It further appears from the documentary evidence that respondent assumed charge of the conduct of the legal transactions on behalf of his wife and Mr. Hogan, her attorney, before he had been asked to represent some of the Greenwood heirs. In this connection attention is directed to petitioner’s Exhibit 6, herein, being a letter or notice to the bureau of awards, signed by respondent; also to a similar letter or notice, petitioner’s Exhibit 8, signed Mrs. L. Josephine Moses, care of J. Arnold Moses, No. 38 Park Row, Manhattan, New York City.” The notices and letters were dated June and July, 1914, respectively. The learned referee further reported that many letters written by the respondent did contain false and untrue statements by respondent, so admitted by him on the witness stand, and he found that under all the circumstances of this proceeding that the making of the false statements above referred to was reprehensible and unprofessional and that a thorough inspection of the documentary evidence indicates conclusively to the mind of the referee that the respondent’s chief concern during the entire series of transactions was his own and his wife’s interest rather than his clients; that the respondent did represent conflicting or adverse interests; that the respondent’s conduct in such representation of conflicting or adverse interests was improper and unethical.

The respondent’s acts and writings during the transactions here in question do not square with his explanations now, but rather lend color and weight to the inference strongly indicated by the documentary evidence as a whole, namely, that in each instance he took that course with the affairs and interests of his clients among the Greenwood heirs which would most benefit his wife and himself; that it appears that the whole course of action is apparently that of an acute experienced lawyer thoroughly knowing what he is about; that nowhere does it appear that the things done by the respondent were manifestly adverse to his own or his wife’s interests; that upon the principal point of the respondent’s brief, that respondent’s course taken altogether really was for the best interests of his clients, the referee is compelled to find from the evidence that such is not the case for the reason that the documentary evidence shows beyond question that respondent’s plan of procedure in regard to the transactions involved was not then, *86as it is now claimed to have been; the documentary evidence on this point is altogether too clear and conclusiye; and he reports:

(a) That with knowledge that the tax lien held by his wife was a lien on the award made to unknown owners, respondent sought and obtained from some of those owners (the Greenwood heirs) retainers to appear for them in a proceeding to distribute the award.
“ (b) That after being so retained action to foreclose the tax lien held by respondent’s wife was commenced in which his clients were named as defendants.
“ (c) That while in such action John H. Hogan was named as attorney of record for plaintiff, yet in fact respondent in the main conducted the proceedings and held himself out as having complete control of the action.
(d) That the acts and declarations of the respondent relating to the action and his interest therein were incompatible with his professional duty to his cHents, the defendants in the action.
(e) That the interests of his cHents, the defendants in the action who were entitled to a share in the distribution of the award, were adverse to the interests of the plaintiff who sued to foreclose a Hen on that award.
“ (f) That while there is no proof that respondent’s cHents sustained any loss, yet the situation created by respondent and his dual attitude was potential of danger to and imperiled their interests.
On the first charge I find the respondent guilty of misconduct as an attorney and counsellor at law.”

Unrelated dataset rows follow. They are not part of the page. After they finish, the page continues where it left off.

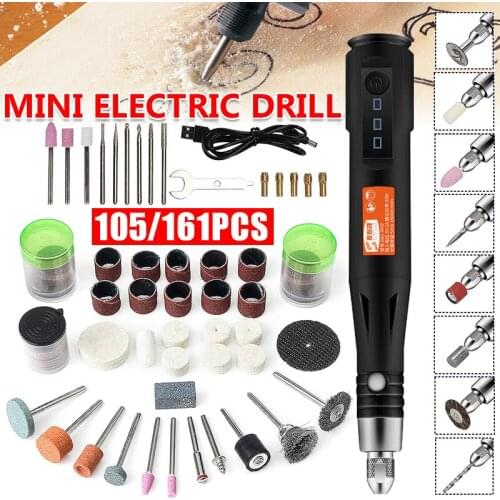 161Pcs / 105Pcs Rotary Tools Accessories DIY Set USB Mini Electric Grinder Drill Engraving Carving Pen Polishing Machine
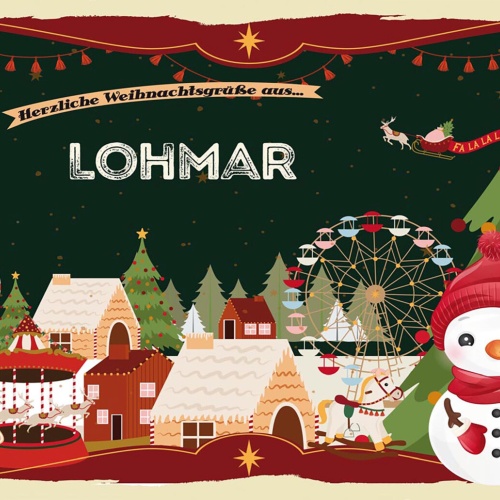 Schild Spruch Herzliche Weihnachtsgrüße aus Lohmar Comic Schneemann JW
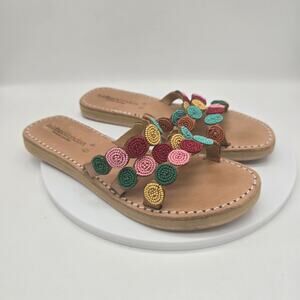 Laidback London Leather Handmade Beaded Slide-On Flat Sandals Multicolor 40 US 9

A careful examination of the testimony and exhibits can lead but to the one conclusion, namely, that the respondent’s conduct was improper and unprofessional. It is as old as holy writ that no man can serve two masters. .His wife’s interests were clearly adverse to those of the Greenwood heirs, whom he had solicited to be his cHents, and the record is replete with evidence as to his attempts to secure advantages for himself and his wife adverse to the interests of those cHents and incompatible with his duty towards them. The earnest attempt of his counsel to explain away the respondent’s own letters and to account for his conduct upon the ground of mental disturbances did not impress the referee and does not impress us. We think the conclusion reached by the learned referee is in accord with the overwhelming weight of the evidence and we approve the same.

The second charge contained in the petition is as follows:

“ In March, 1918, Mr. Justice Mullan of the Supreme Court of the State of New York, filed an opinion in the case of Municipal Liens Company against James A. Glover, et al. (reported in the *87New York Law Journal of March 20, 1918), in which he criticised the conduct of the respondent in said action. Thereafter the opinion was called to the attention of the Committee on Grievances of the Association of the Bar of the City of New York and on April 18, 1918, the Committee met and investigated the matter. On May 8, 1918, the respondent submitted to one of the justices of the Supreme Court an affidavit verified by him in an action entitled O’Reilly vs. Havens and others in which he referred to the criticisms contained in the aforesaid opinion filed by Mr. Justice Mullan and then stated under oath as follows:
“ ‘ The criticism was investigated by a full committee composed of members of the Association of the Bar of the City of New York and they have found that my practice was perfect and that the statement of facts in the opinion was not in accordance with the facts of the case.’
At the time of the verification and filing of the said affidavit by the respondent the Committee on Grievances had not made any finding with respect to the respondent’s practice or with reference to the facts stated in the opinion of Mr. Justice Mullan and the statements to that effect in the respondent’s affidavit above quoted are untrue.”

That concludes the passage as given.